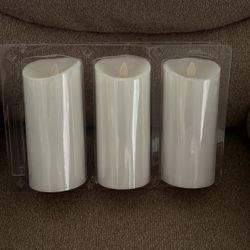 Brand New Never Used Luminary Real Flame Effect 3 Candles With Remote 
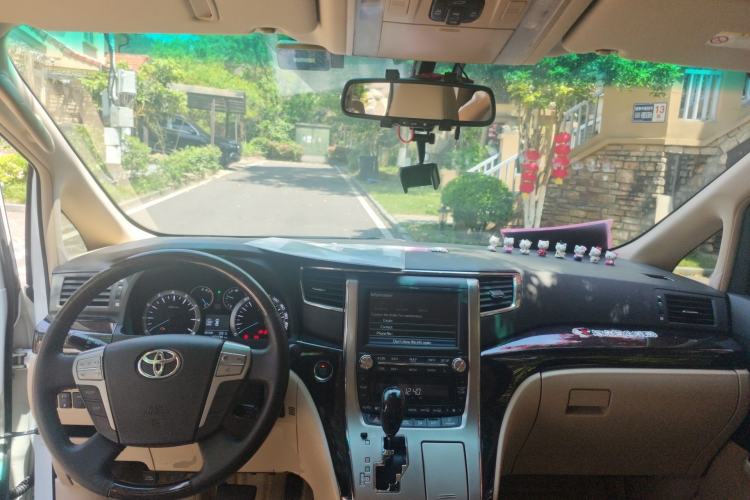 Used Toyota Alphard 2012 3.5L Luxury Edition Center Console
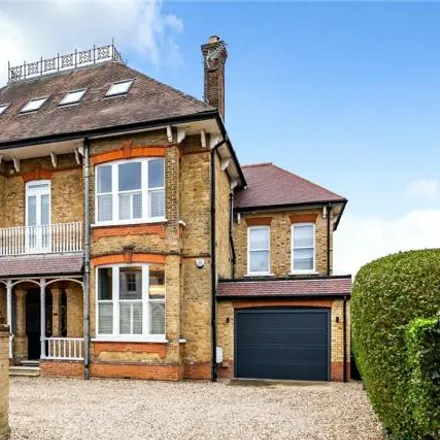 Buy this 6 bed duplex on Richmond Road in Barnet, Great London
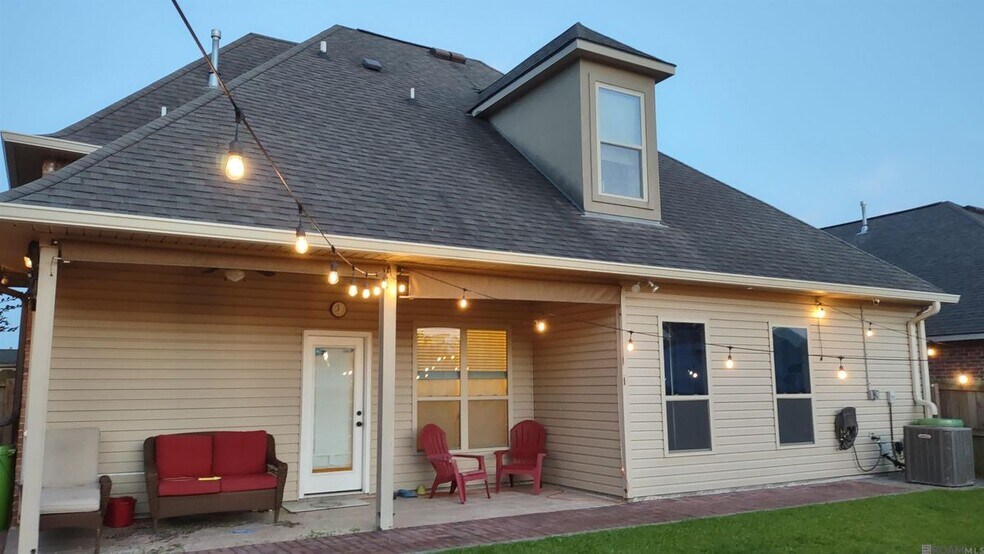 Building Photo - 7023 Myrtle Bluff Dr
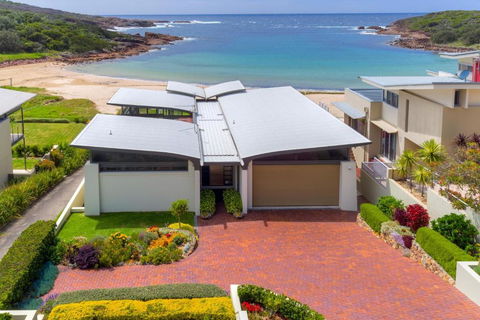 Sails On The Beachfront - Exclusive Seaside Home - Accommodation Gladstone 0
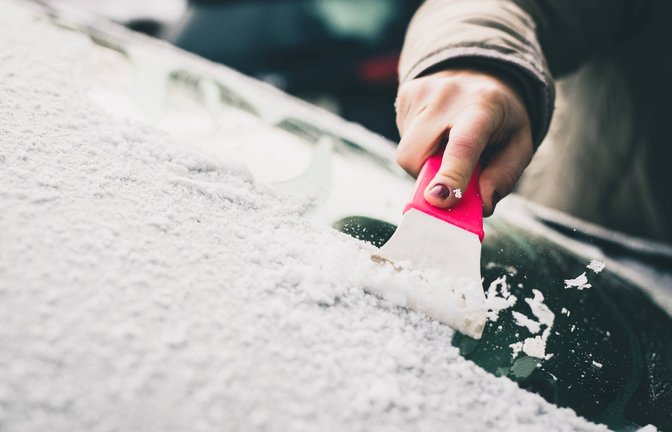 Für eine freie Sicht müssen Autoscheiben von Eis befreit werden. Wie Sie Ihr Auto schnell enteisen, zeigen wir Ihnen in diesem Artikel.<span class='image-autor'>Foto: Anze Furlan / Shutterstock.com</span>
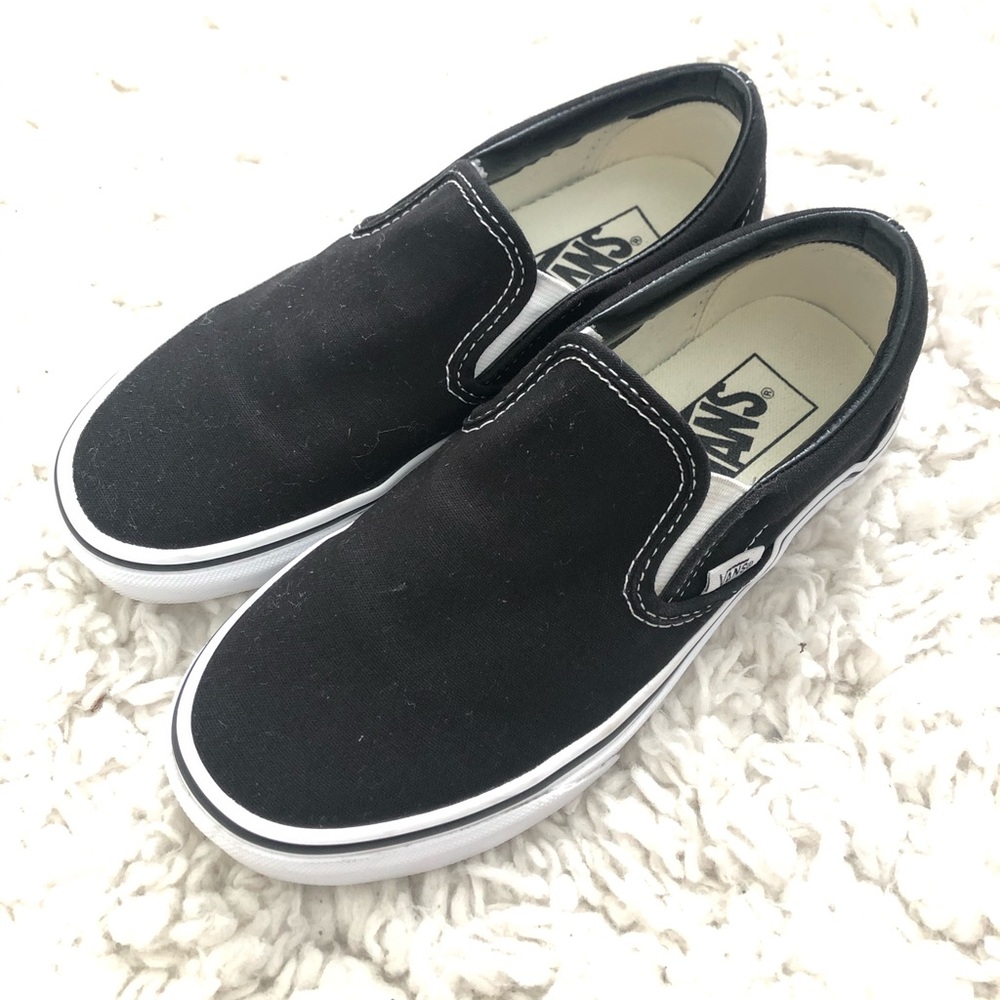 Slip On Vans - Black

(Activity): Print the complete listing exactly, apart from any pictures.

(Result):
 Brand New Never Used Luminary Real Flame Effect 3 Candles With Remote 
 Used Toyota Alphard 2012 3.5L Luxury Edition Center Console
 Buy this 6 bed duplex on Richmond Road in Barnet, Great London
 Building Photo - 7023 Myrtle Bluff Dr
 Sails On The Beachfront - Exclusive Seaside Home - Accommodation Gladstone 0
 Für eine freie Sicht müssen Autoscheiben von Eis befreit werden. Wie Sie Ihr Auto schnell enteisen, zeigen wir Ihnen in diesem Artikel.<span class='image-autor'>Foto: Anze Furlan / Shutterstock.com</span>
 Slip On Vans - Black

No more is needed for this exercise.